If you write your search results webpage out to a local file in your computer, you can use the `webbrowser` command to display it, e.g.,: 

`webbrowser.open("file:///Users/name/Documents/search_results.html")`

The web page should be readable but it does not have to be pretty. Be sure to handle the case where there are no matches.

In [18]:
# part 4

# import webbrowser module
import webbrowser

#define the function
def searchInterfacev2():

    # prompt for input
    print("Please enter a word (q to quit): ")
    search_in = input()

    # keep looping until they enter "q"
    while search_in.lower() != "q":
        # start the html contents
        html_contents = '''
        <html>
            <head>
                <title> Search Results </title>
            </head>
            <body>
                <h1> 206b Web Crawler Search Results (Assignment 5) </h1>
                <p> Your search results are below! </p>
        '''
        # append some stuff
        html_contents += "<p> Your search term is: <b>"
        html_contents += search_in
        html_contents += "</b></p>"

        # if it's in the lexicon, add some html to include links 
        if search_in in lex.keys():
            print("Your results have been opened in a browser window.\n")

            for each in lex[search_in]:
                html_contents += "<p>"
                html_contents += "<a href='https://people.ischool.berkeley.edu/~chuang/i206/b5/"
                html_contents += each
                html_contents += "'>"
                html_contents += each
                html_contents += "</a></p>"

        # instructions were unclear if I should handle this in browser window, so I just 
        # did it to be safe    
        else:
            html_contents += "<p> Your word is not in the lexicon.

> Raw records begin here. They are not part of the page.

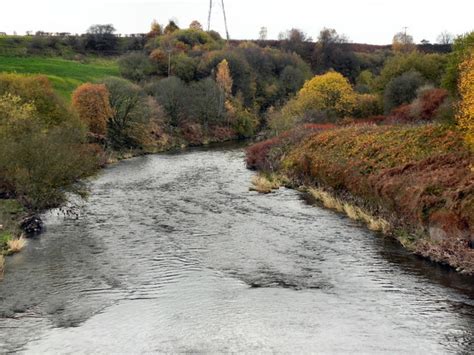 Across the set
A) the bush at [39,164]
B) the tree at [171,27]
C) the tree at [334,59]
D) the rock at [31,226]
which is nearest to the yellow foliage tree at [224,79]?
the tree at [334,59]

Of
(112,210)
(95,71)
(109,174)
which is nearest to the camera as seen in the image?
(112,210)

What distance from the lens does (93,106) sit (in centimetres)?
6912

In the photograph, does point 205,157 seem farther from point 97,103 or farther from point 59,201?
point 59,201

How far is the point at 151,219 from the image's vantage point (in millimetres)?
36000

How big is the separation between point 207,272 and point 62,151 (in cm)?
1409

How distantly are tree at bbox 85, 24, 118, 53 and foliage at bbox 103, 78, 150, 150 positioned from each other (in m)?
68.9

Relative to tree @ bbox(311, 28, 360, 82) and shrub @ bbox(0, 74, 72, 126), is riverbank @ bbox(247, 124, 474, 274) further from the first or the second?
tree @ bbox(311, 28, 360, 82)

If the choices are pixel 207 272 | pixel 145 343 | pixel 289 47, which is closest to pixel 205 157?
pixel 207 272

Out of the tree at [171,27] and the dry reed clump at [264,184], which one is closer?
the dry reed clump at [264,184]

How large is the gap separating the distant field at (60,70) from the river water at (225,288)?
58150mm

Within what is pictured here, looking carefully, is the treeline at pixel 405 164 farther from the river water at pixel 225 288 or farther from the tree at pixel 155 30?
the tree at pixel 155 30

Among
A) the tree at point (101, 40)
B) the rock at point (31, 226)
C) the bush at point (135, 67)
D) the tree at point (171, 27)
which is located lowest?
the rock at point (31, 226)

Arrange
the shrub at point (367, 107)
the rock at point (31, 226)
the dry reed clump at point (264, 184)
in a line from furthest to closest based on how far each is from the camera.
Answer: the shrub at point (367, 107) → the dry reed clump at point (264, 184) → the rock at point (31, 226)

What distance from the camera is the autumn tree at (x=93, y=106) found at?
68750 millimetres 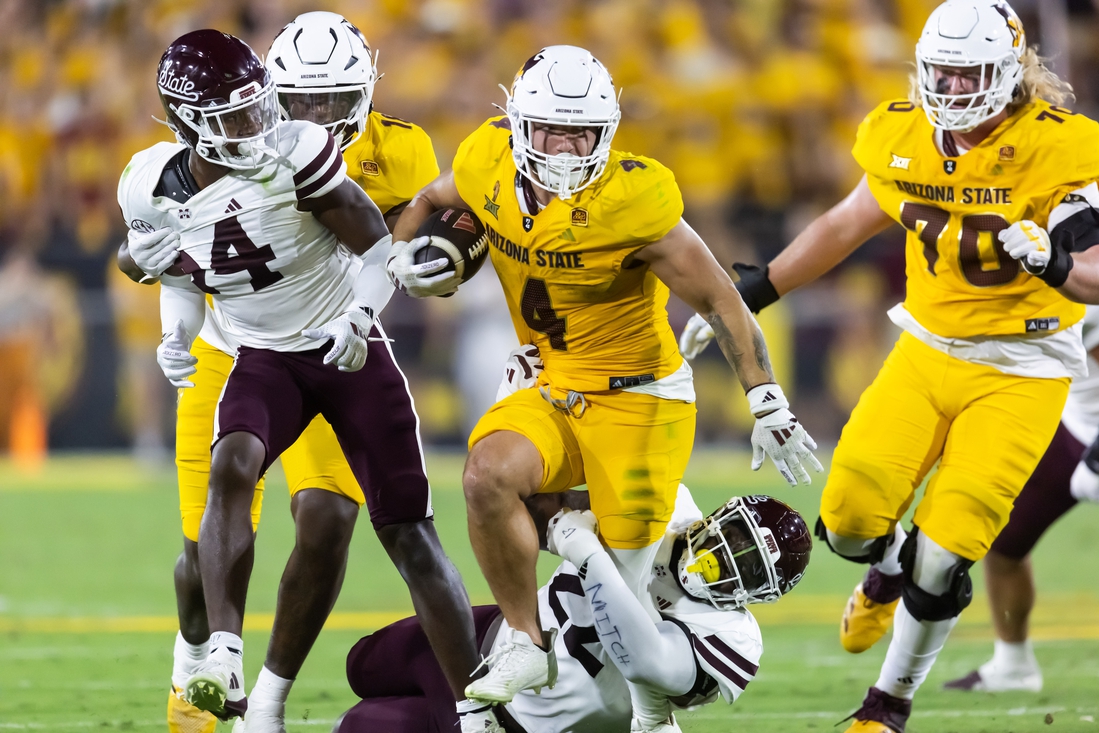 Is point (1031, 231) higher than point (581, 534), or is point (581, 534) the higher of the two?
point (1031, 231)

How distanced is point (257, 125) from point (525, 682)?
1.71 m

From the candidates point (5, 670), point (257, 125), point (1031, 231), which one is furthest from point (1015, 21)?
point (5, 670)

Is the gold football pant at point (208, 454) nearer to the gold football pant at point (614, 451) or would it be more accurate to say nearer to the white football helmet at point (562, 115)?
the gold football pant at point (614, 451)

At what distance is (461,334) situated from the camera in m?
10.9

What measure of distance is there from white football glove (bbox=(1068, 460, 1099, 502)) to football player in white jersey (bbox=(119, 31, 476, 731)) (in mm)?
2442

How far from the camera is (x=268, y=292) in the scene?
4.32 meters

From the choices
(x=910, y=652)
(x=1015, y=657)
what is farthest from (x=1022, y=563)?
(x=910, y=652)

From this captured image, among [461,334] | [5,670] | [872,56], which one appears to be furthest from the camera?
[872,56]

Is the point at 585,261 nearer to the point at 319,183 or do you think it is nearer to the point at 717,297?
the point at 717,297

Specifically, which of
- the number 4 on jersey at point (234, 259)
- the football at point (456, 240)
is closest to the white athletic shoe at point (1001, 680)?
the football at point (456, 240)

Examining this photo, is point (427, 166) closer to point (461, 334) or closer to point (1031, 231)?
point (1031, 231)

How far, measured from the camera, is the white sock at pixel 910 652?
4.46 metres

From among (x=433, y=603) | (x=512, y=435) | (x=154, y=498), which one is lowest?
(x=154, y=498)

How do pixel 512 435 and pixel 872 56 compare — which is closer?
pixel 512 435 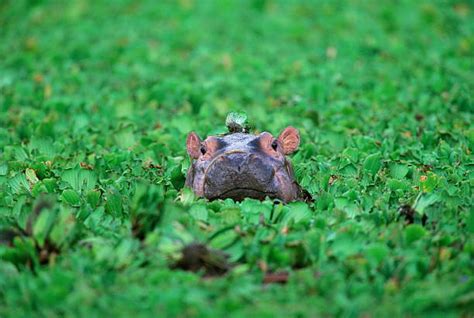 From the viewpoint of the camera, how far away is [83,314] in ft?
12.9

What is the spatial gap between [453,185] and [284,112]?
2.65 m

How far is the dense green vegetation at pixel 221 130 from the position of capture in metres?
4.24

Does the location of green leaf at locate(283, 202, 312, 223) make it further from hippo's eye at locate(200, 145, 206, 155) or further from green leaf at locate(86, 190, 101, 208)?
green leaf at locate(86, 190, 101, 208)

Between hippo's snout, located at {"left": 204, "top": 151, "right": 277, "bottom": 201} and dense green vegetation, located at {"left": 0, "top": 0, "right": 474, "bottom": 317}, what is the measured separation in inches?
4.0

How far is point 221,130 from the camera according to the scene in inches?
289

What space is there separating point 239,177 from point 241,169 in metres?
0.07

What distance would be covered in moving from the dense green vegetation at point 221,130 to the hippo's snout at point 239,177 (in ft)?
0.33

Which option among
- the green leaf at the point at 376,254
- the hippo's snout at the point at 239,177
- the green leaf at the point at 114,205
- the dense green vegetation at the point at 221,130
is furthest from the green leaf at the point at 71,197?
the green leaf at the point at 376,254

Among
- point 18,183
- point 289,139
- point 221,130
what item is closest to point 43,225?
point 18,183

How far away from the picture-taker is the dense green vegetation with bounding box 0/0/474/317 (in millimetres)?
4238

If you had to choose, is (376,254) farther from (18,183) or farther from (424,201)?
(18,183)

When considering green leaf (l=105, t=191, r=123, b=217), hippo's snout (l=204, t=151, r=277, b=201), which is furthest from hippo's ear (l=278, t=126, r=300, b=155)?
green leaf (l=105, t=191, r=123, b=217)

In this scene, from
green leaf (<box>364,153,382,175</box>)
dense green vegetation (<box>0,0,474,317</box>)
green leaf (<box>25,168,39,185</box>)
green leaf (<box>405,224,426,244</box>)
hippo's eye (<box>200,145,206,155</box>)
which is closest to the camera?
dense green vegetation (<box>0,0,474,317</box>)

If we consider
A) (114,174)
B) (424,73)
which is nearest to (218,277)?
(114,174)
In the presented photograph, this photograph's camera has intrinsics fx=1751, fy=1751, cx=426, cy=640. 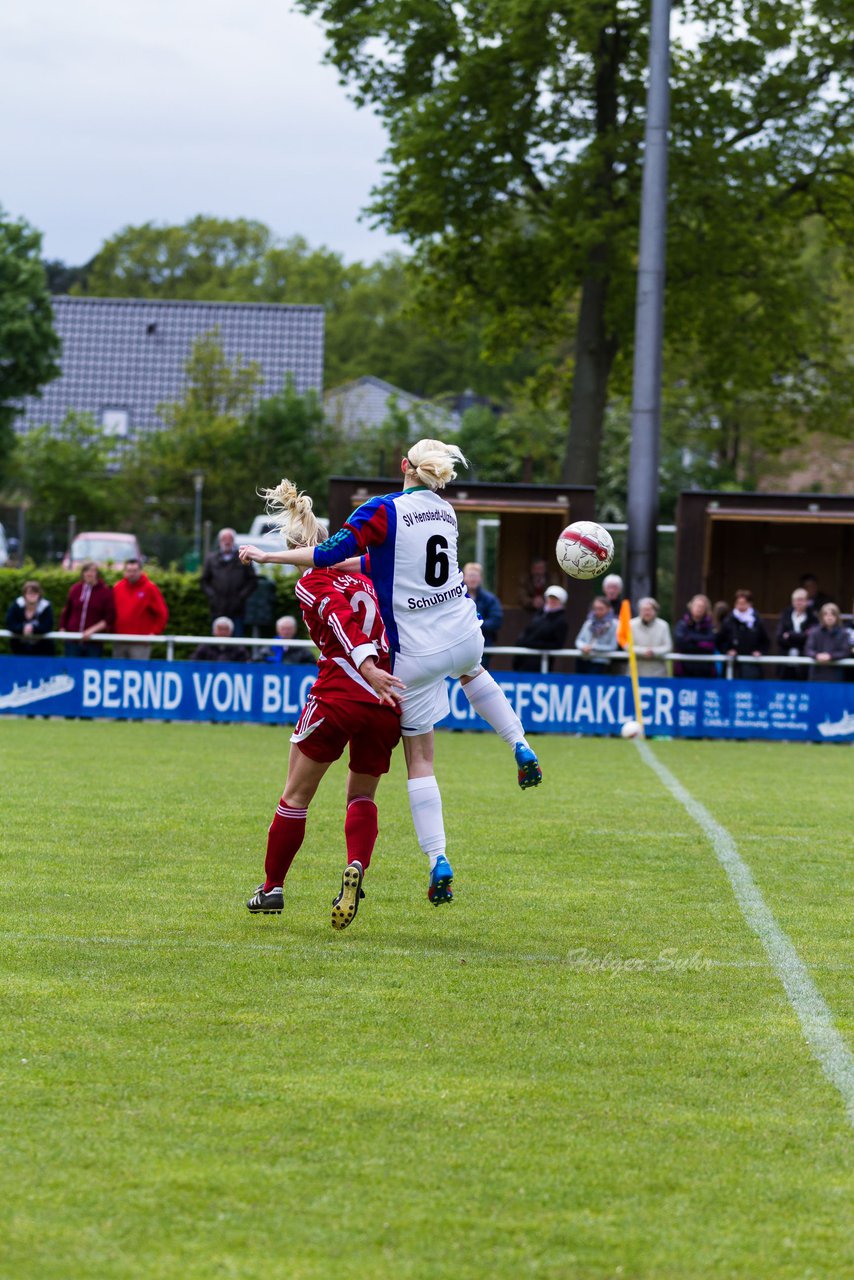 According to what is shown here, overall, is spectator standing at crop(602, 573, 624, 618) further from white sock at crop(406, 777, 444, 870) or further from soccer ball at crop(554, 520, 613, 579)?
white sock at crop(406, 777, 444, 870)

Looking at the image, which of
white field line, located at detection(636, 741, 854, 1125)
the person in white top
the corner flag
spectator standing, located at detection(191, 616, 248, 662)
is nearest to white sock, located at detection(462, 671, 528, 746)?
the person in white top

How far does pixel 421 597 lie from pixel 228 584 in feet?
45.8

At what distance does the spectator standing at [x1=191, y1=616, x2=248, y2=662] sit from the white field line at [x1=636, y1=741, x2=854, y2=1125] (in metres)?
9.99

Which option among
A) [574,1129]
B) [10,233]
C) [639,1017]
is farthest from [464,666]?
[10,233]

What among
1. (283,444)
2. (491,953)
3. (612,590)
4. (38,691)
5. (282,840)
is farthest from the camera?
(283,444)

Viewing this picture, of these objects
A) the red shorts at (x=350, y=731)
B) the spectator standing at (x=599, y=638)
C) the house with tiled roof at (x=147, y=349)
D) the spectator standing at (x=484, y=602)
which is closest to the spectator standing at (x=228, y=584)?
the spectator standing at (x=484, y=602)

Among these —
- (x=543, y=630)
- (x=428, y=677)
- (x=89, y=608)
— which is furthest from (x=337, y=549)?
(x=89, y=608)

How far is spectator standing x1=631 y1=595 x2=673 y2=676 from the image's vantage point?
19.6 m

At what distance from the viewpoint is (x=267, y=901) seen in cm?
739

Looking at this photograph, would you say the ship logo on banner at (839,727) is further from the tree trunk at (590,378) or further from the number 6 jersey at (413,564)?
the number 6 jersey at (413,564)

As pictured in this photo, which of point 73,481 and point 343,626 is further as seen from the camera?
point 73,481

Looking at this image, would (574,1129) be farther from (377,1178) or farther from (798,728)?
(798,728)

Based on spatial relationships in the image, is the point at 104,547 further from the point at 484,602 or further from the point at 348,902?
the point at 348,902

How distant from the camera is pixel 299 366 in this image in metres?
60.6
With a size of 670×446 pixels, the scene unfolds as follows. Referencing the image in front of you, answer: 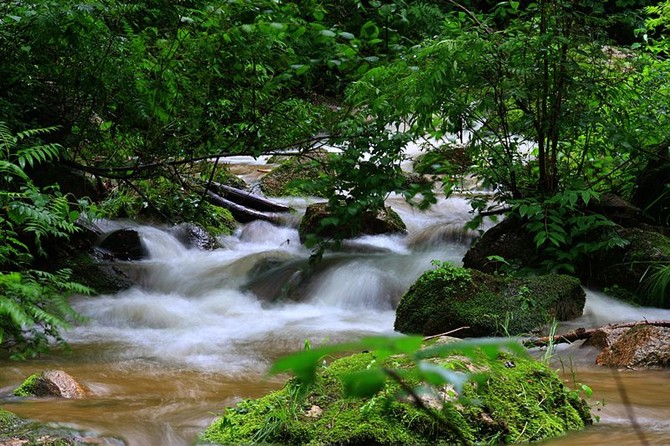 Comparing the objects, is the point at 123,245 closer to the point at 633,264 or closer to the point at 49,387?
the point at 49,387

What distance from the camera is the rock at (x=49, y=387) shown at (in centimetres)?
388

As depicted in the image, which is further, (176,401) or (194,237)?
(194,237)

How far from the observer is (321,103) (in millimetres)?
6625

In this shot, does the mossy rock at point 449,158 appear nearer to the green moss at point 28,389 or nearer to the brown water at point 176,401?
the brown water at point 176,401

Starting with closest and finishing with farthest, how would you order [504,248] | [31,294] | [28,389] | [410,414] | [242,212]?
1. [31,294]
2. [410,414]
3. [28,389]
4. [504,248]
5. [242,212]

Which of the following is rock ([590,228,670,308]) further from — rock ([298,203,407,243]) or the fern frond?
the fern frond

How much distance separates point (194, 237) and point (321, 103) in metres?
4.47

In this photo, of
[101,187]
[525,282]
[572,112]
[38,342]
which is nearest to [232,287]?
[101,187]

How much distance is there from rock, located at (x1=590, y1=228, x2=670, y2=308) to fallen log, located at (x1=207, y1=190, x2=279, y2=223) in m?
5.45

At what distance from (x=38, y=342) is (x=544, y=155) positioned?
20.1 ft

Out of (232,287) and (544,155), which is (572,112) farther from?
(232,287)

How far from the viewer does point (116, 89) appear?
224 inches

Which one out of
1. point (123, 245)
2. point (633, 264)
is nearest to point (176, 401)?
point (633, 264)

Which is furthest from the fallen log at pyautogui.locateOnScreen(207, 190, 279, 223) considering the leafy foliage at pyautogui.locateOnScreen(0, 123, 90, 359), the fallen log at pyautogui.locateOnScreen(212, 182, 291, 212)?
the leafy foliage at pyautogui.locateOnScreen(0, 123, 90, 359) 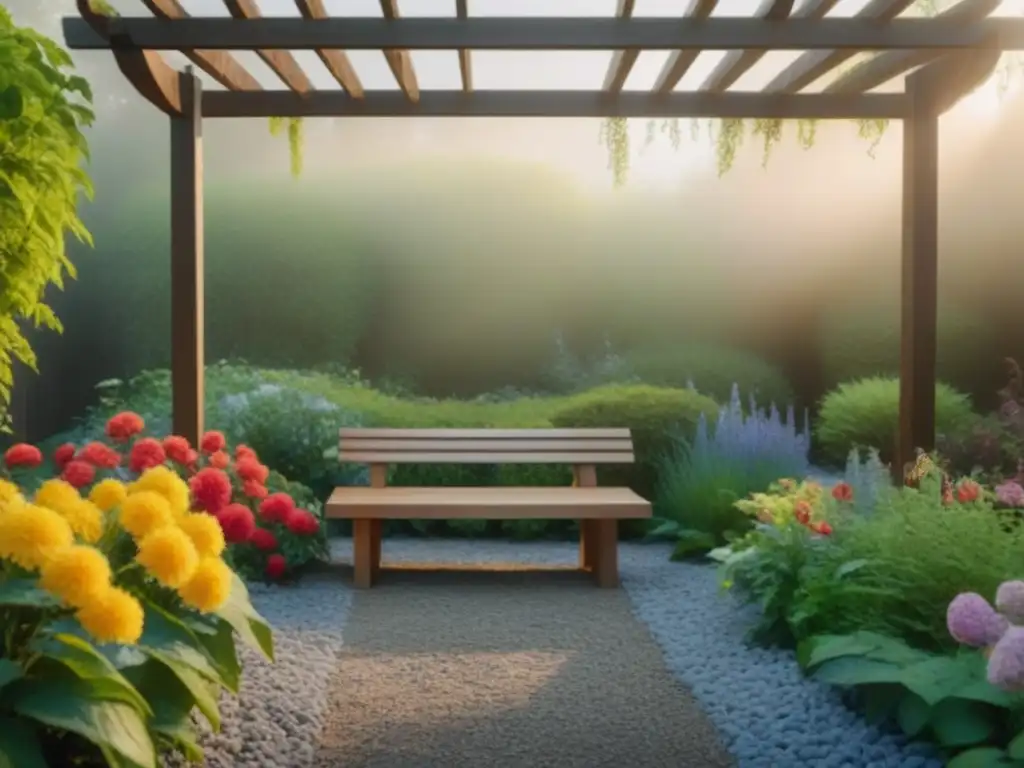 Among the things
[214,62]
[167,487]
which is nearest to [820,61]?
[214,62]

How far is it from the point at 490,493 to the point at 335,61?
235 centimetres

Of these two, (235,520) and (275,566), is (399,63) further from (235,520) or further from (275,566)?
(275,566)

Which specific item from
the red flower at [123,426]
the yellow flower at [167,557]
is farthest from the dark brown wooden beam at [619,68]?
the yellow flower at [167,557]

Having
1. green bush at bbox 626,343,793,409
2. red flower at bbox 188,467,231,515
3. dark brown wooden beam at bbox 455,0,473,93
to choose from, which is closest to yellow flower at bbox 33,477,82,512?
red flower at bbox 188,467,231,515

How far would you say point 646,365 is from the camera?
1138cm

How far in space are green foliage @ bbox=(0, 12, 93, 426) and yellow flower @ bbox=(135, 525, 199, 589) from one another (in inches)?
94.9

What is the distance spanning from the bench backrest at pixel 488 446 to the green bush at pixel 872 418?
316cm

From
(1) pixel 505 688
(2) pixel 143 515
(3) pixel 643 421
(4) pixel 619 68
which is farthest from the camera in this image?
(3) pixel 643 421

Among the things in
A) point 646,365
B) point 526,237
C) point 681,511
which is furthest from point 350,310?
point 681,511

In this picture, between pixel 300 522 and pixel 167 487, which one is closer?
pixel 167 487

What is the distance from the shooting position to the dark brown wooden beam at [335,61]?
4.46 metres

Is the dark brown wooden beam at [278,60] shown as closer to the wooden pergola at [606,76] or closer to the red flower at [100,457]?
the wooden pergola at [606,76]

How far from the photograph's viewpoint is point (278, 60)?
5.54 meters

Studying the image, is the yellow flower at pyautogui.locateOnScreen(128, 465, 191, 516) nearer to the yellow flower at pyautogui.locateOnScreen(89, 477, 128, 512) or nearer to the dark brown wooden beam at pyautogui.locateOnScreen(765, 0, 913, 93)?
the yellow flower at pyautogui.locateOnScreen(89, 477, 128, 512) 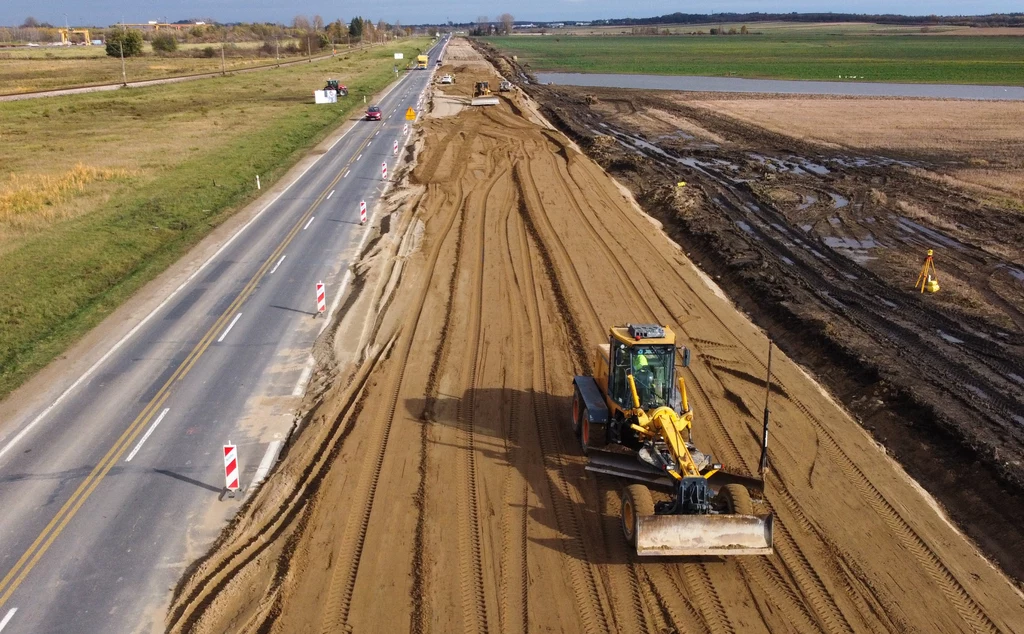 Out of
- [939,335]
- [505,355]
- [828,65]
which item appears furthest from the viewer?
[828,65]

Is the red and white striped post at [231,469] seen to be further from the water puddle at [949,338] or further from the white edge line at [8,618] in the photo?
the water puddle at [949,338]

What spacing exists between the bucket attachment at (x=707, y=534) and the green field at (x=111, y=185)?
15.6 m

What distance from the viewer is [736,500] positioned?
12.2 metres

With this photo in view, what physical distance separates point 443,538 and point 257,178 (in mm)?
32344

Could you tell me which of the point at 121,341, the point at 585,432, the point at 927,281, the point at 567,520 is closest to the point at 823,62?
the point at 927,281

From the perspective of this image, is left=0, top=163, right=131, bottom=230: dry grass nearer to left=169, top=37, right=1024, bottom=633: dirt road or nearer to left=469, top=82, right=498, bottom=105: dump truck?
left=169, top=37, right=1024, bottom=633: dirt road

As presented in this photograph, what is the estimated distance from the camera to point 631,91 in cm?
8906

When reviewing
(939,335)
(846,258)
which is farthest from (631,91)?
(939,335)

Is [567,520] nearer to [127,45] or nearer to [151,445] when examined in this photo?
[151,445]

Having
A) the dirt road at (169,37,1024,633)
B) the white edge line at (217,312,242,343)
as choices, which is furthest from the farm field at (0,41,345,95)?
the dirt road at (169,37,1024,633)

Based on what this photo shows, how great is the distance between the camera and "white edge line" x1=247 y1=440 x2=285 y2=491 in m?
15.1

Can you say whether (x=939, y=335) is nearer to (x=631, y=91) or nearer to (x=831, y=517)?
(x=831, y=517)

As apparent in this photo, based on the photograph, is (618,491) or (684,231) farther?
(684,231)

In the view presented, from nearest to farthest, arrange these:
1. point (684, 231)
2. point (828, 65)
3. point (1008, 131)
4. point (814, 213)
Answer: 1. point (684, 231)
2. point (814, 213)
3. point (1008, 131)
4. point (828, 65) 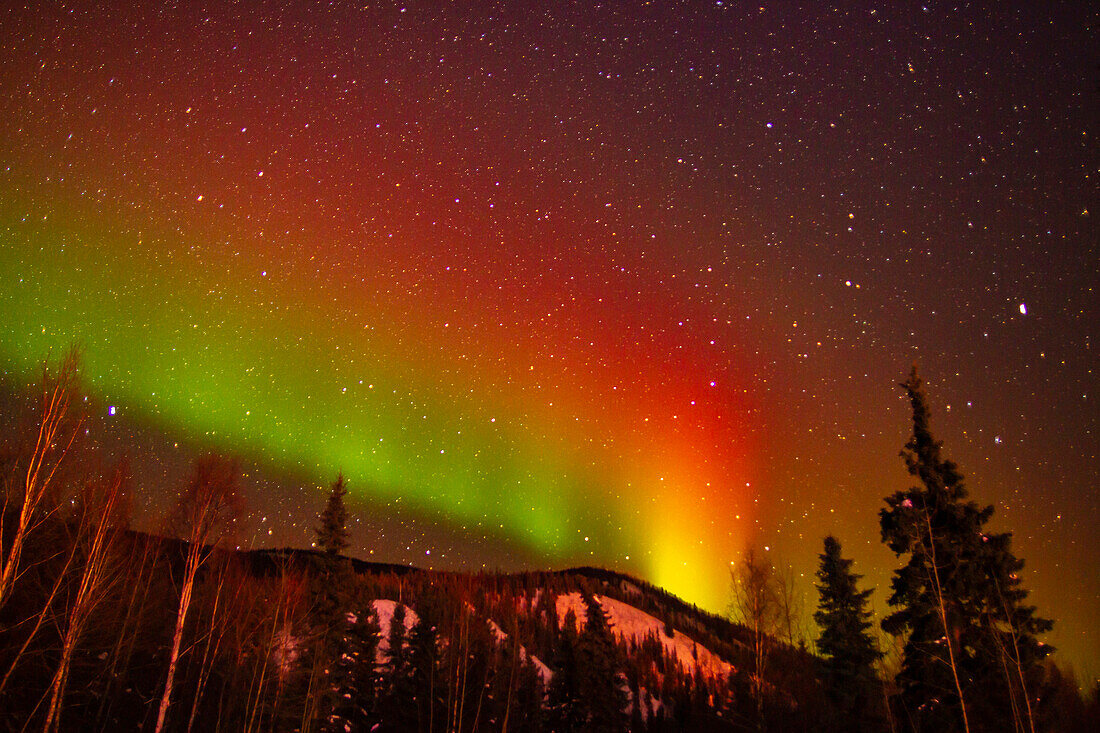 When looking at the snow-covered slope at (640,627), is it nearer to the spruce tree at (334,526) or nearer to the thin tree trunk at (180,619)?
the spruce tree at (334,526)

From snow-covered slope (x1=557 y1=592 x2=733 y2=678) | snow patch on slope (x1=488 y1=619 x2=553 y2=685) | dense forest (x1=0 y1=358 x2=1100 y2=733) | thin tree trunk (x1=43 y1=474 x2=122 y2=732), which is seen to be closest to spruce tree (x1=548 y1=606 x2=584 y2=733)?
dense forest (x1=0 y1=358 x2=1100 y2=733)

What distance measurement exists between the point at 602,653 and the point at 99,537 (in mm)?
31243

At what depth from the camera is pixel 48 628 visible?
75.2ft

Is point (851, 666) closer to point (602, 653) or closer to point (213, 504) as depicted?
point (602, 653)

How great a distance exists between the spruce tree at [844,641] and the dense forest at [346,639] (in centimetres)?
8

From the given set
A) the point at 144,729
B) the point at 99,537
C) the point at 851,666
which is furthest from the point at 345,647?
the point at 851,666

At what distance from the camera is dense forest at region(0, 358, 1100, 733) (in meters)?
16.2

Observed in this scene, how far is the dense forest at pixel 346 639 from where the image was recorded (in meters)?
16.2

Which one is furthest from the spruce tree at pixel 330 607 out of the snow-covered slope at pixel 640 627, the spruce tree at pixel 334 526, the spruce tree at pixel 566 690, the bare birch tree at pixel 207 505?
the snow-covered slope at pixel 640 627

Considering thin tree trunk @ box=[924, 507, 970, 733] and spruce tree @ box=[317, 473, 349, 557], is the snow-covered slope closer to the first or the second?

Please switch back to your python window and try again. </p>"
        
        # gotta close up those tags!
        html_contents += "</body> </html>"

        # write to file
        html_file = open("search_output.html", "w")
        html_file.write(html_contents)
        html_file.close()

        # use browser to open the file we just wrote to 
        webbrowser.open("search_output.html")

        # loop again
        print("Please enter a word (q to quit): ")
        search_in = input()

    # pretty handling of a quit
    print("\nYou have chosen to quit. Thanks for playing!")
    
## MAIN
searchInterfacev2()

Please enter a word (q to quit): 
Your results have been opened in a browser window.

Please enter a word (q to quit): 
Please enter a word (q to quit): 

You have chosen to quit. Thanks for playing!